Only the lines from the one with "杀害弟媳的最后结果,杀害弟媳的下场" through the end of the data below belong in the answer, restated word for word, pictures excluded.

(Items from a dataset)
━━━━━━━━━━━━━━━━━━━━

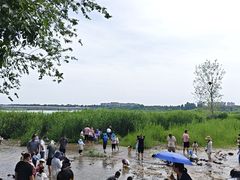 -绿堤公园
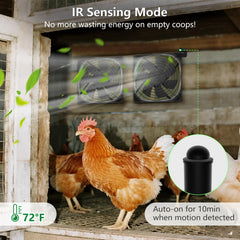 Pet Deluxe fan grill detail, durable build improves weather resistance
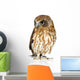 New Zealand Owl Turning Right Wall Decal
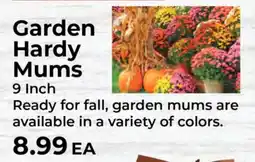 Sunset Foods Garden Hardy Mums offer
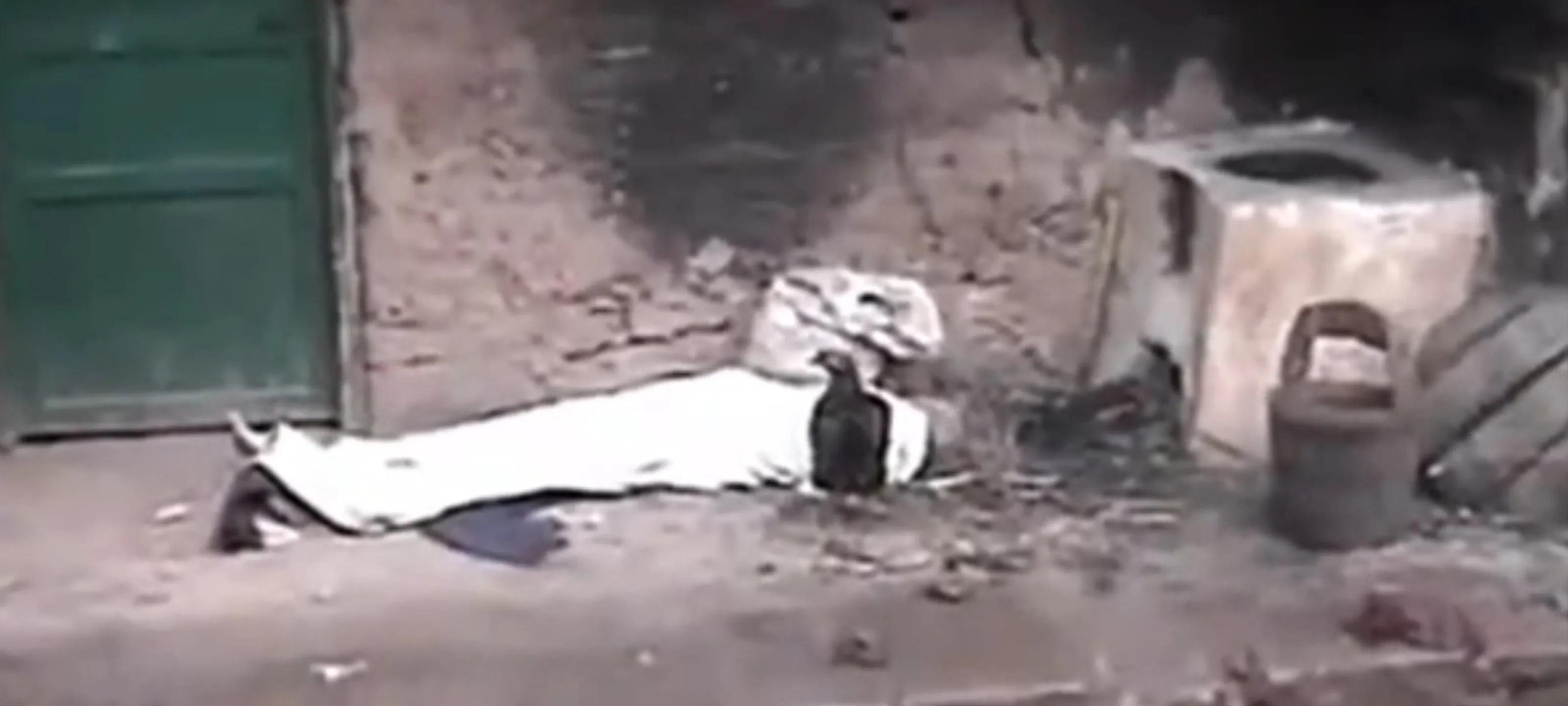 杀害弟媳的最后结果,杀害弟媳的下场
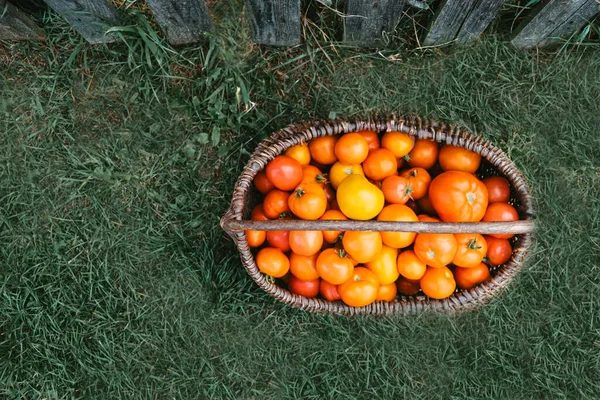 Cesta Com Tomates Maduros Grama Verde Lado Cerca Madeira Colheita — Fotografia de Stock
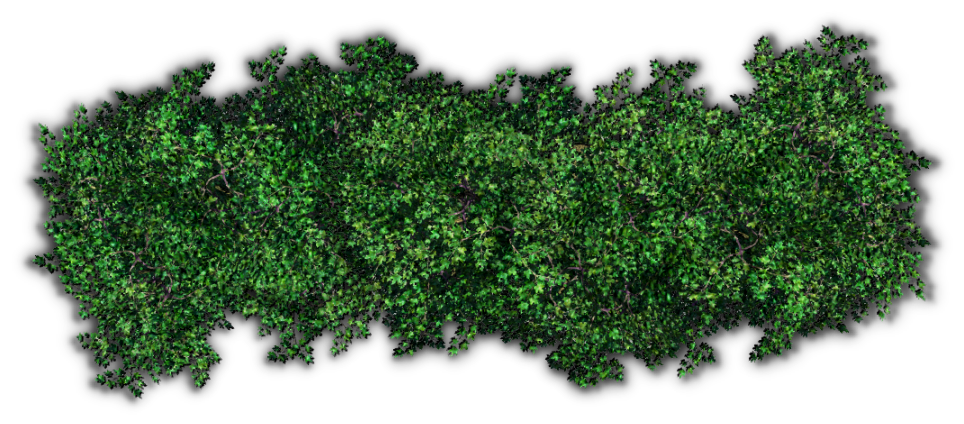 Bushes Transparent PNG Image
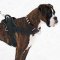 All Weather Boxer Dog Harness for Tracking and Pulling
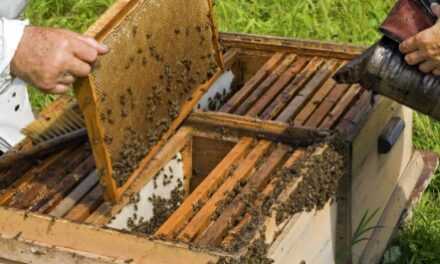 Εξιχνίαση κλοπής 47 μελισσοκυψελών στο νομό Καβάλας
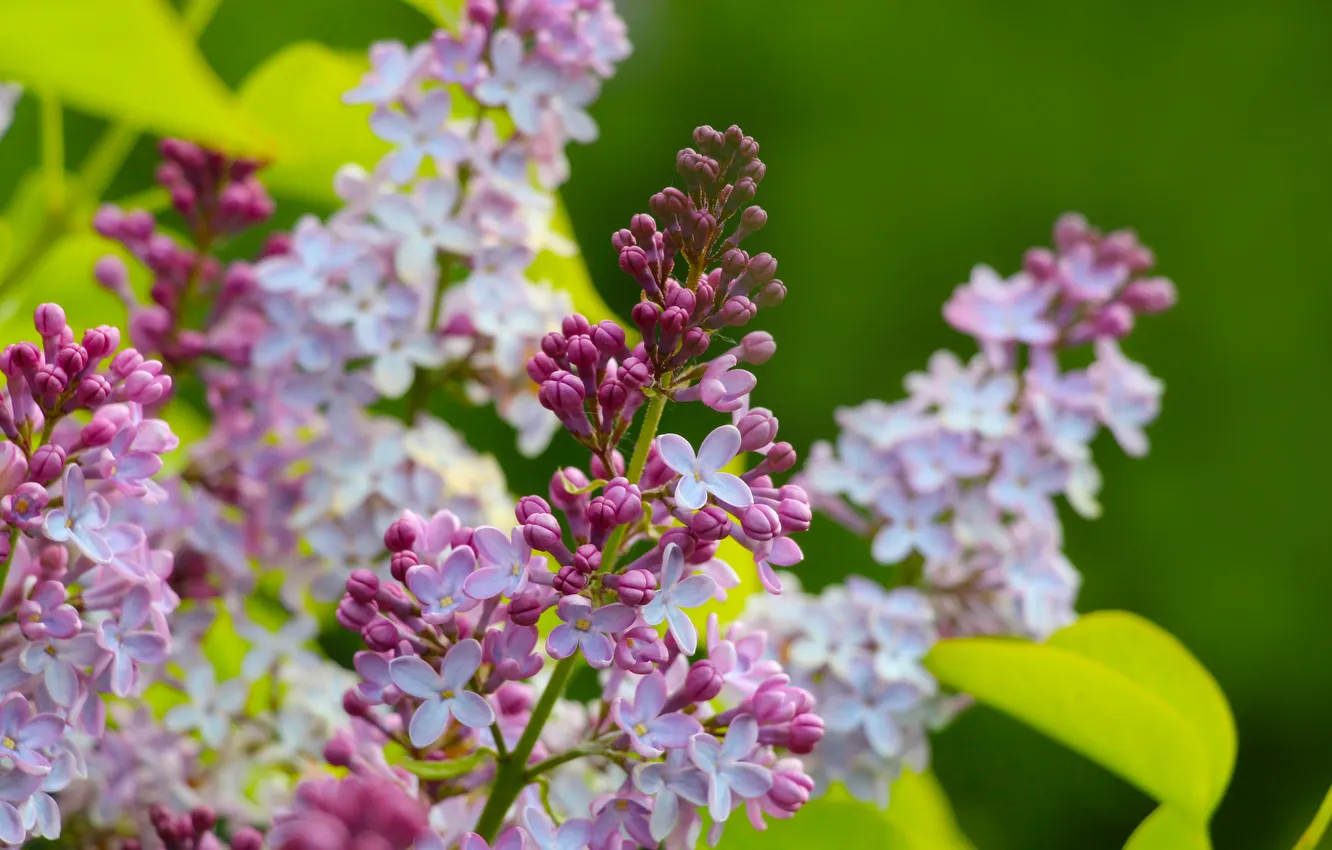 Фото обои spring, lilac, twig, blooming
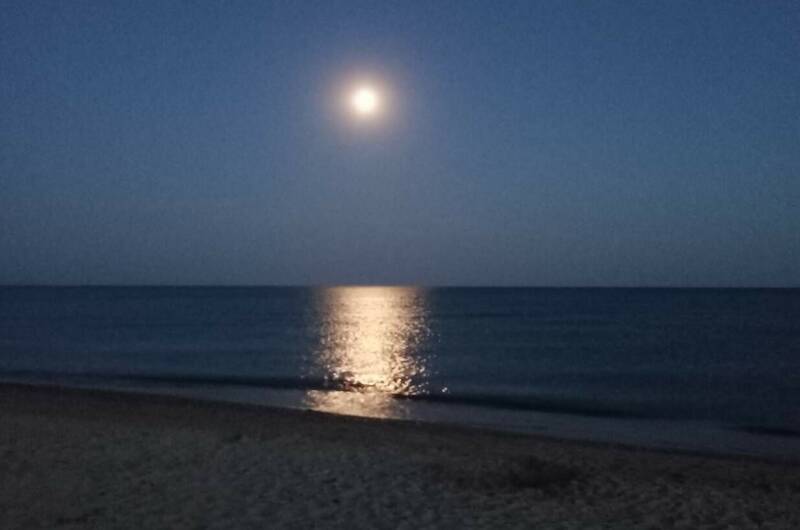 Домик «Панорама»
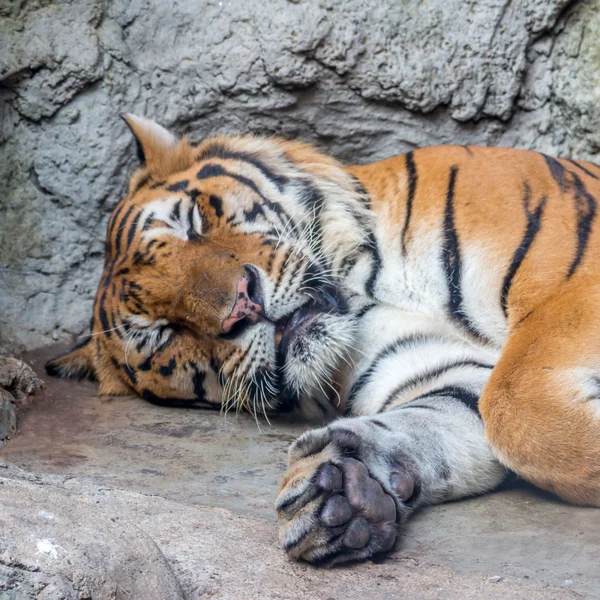 在动物园里的老虎 — 图库照片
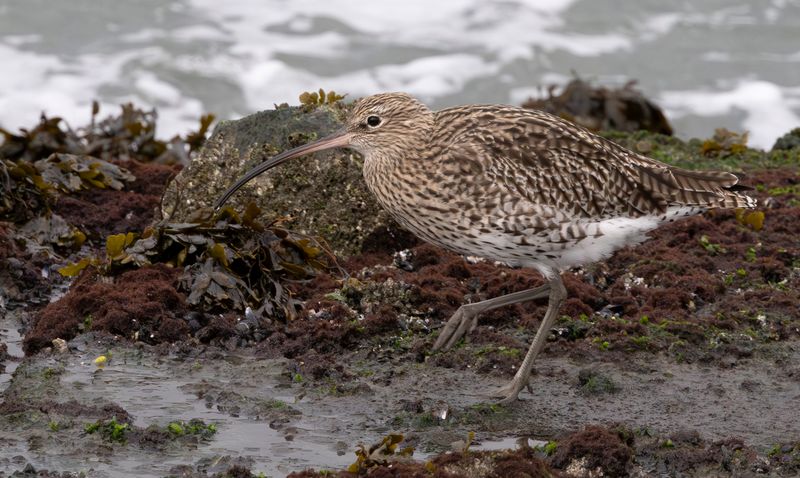 Eurasian Curlew (Numenius arquata)
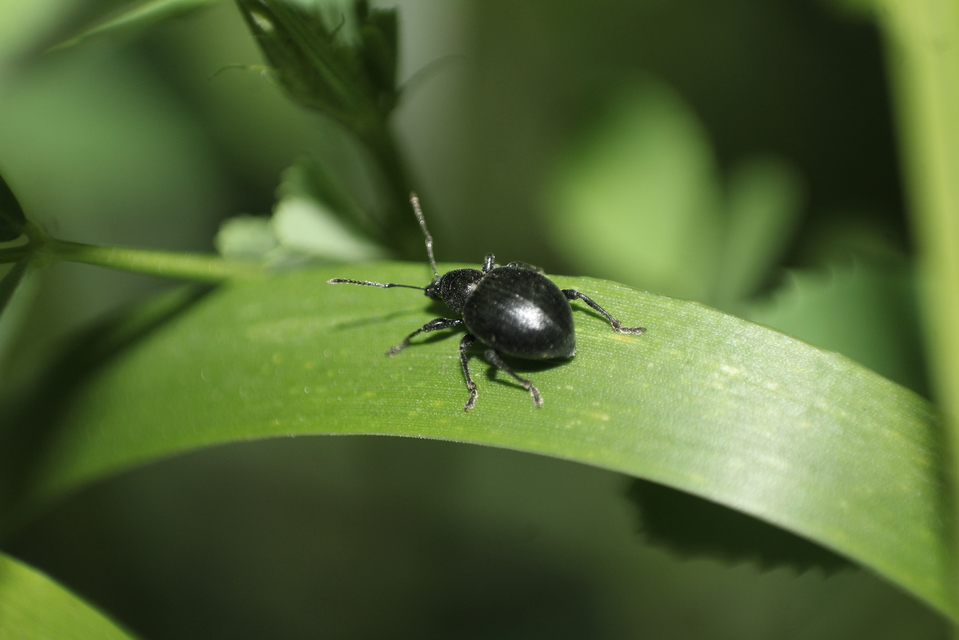 Otiorhynchus lirus - fényes gyalogormányos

━━━━━━━━━━━━━━━━━━━━

### Your response
 杀害弟媳的最后结果,杀害弟媳的下场
 Cesta Com Tomates Maduros Grama Verde Lado Cerca Madeira Colheita — Fotografia de Stock
 Bushes Transparent PNG Image
 All Weather Boxer Dog Harness for Tracking and Pulling
 Εξιχνίαση κλοπής 47 μελισσοκυψελών στο νομό Καβάλας
 Фото обои spring, lilac, twig, blooming
 Домик «Панорама»
 在动物园里的老虎 — 图库照片
 Eurasian Curlew (Numenius arquata)
 Otiorhynchus lirus - fényes gyalogormányos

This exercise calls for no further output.